Protéger, entretenir et restaurer le patrimoine

L’architecte des Bâtiments de France dépend du ministère de la Culture et de la Communication et exerce, en général, sous l’autorité du Préfet de département au sein d’un Service Territorial de l’Architecture et du Patrimoine (Stap) présent dans chaque département. Son rôle a été réaffirmé et étendu à chaque étape législative portant sur le patrimoine, l’environnement, l’architecture et l’urbanisme.

Il assure aujourd’hui l’application de nombreuses lois codifiées aux codes du patrimoine, code de l’urbanisme et code de l’environnement :

  • Monuments historiques (1913)
  • Sites (1930)
  • Abords de monuments (1943)
  • Secteurs sauvegardés (1962)
  • Architecture (1977)
  • Publicité (1979)
  • Zone de Protection du Patrimoine Architectural, Urbain (1983) et Paysager (1995) – ZPPAUP
  • Solidarité et renouvellement urbain (2000)
  • Aire de Valorisation de l’Architecture et du Patrimoine (2010) – AVAP remplaçant les ZPPAUP

 

Quel pouvoir a réellement l’ABF ?

Même si l’Architecte des Bâtiments de France a une certaine liberté pour refuser un projet, il n’a pas tous les pouvoirs.

Tout d’abord, il ne peut imposer une obligation contraire à une réglementation d’urbanisme applicable (PLU, code de l’urbanisme, etc.). Il peut tout à fait imposer une obligation plus contraignante que le PLU, mais il va avoir du mal à en imposer une plus contraignante qu’un PSMV. Typiquement, si un PSMV autorise des fenêtres en PVC, l’ABF pourra difficilement justifier leur interdiction.

Ensuite, même si l’ABF est théoriquement seul compétent pour apprécier la covisibilité, il ne peut pas la décréter comme bon lui semble. De nombreuses jurisprudences ont précisé les contours de la notion de covisibilité. Ainsi, on pourra contester si un ABF considère qu’il y a covisibilité depuis un espace privatif, ou depuis des lieux qui ne sont pas aisément accessibles (exemple : sommet du clocher d’une église).
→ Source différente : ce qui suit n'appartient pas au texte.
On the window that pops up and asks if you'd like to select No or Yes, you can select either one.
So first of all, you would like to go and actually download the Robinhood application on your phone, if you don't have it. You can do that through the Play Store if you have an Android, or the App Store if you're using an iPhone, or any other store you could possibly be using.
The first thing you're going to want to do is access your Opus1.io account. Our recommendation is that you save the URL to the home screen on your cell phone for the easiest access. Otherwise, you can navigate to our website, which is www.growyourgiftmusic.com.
Pour être valables, les refus et prescriptions de l’ABF doivent être motivés. Cette motivation ne doit se faire qu’au regard de la protection recherchée et de sa compétence. Les motivations doivent également être parfaitement claires et non sujettes à interprétation. De plus, un ABF ne pourra pas fonder son avis sur des convictions personnelles, notamment liées à l’emploi d’un matériau.

 

Rôle de l’Architecte des bâtiments de France dans un projet en Loi Malraux

L’architecte des bâtiments de France est garant de la conservation et de la qualité de restauration des Monuments Historiques, ainsi que des espaces protégés, de type loi Malraux.
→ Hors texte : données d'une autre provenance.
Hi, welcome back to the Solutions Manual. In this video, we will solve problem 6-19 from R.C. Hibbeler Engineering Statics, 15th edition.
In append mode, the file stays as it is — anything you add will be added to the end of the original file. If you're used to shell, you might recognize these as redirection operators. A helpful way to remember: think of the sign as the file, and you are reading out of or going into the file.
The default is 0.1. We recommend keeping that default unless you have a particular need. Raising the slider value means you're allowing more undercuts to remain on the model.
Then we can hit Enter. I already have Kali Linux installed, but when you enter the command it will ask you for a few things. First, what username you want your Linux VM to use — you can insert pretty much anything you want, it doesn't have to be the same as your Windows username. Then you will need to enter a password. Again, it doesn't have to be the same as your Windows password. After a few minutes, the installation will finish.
L’une des conditions d’un programme en loi Malraux est l’obtention d’un permis de construire par la Direction régionale des affaires culturelles (la Drac).
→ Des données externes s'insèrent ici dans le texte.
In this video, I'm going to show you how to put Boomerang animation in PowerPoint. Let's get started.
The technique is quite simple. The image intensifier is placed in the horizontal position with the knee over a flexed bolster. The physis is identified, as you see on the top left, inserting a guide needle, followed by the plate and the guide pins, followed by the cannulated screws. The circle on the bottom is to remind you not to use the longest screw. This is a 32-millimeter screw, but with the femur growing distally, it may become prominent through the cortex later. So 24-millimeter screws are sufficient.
Cette délivrance est soumise à l’avis de l’Architecte des bâtiments de France (ABF) du département et à celui de l’Architecte en chef des Monuments Historiques (ACMH) de la région.

Le permis de construire d’un programme en loi Malraux fait office d’autorisation s’il est « revêtu » du visa de l’ABF. Lorsque la demande de permis de construire est faite, l’ABF a un délai d’un mois, qu’il peut prolonger à quatre mois, pour répondre et donner ou non son accord. Faute de quoi, l’accord est tacite.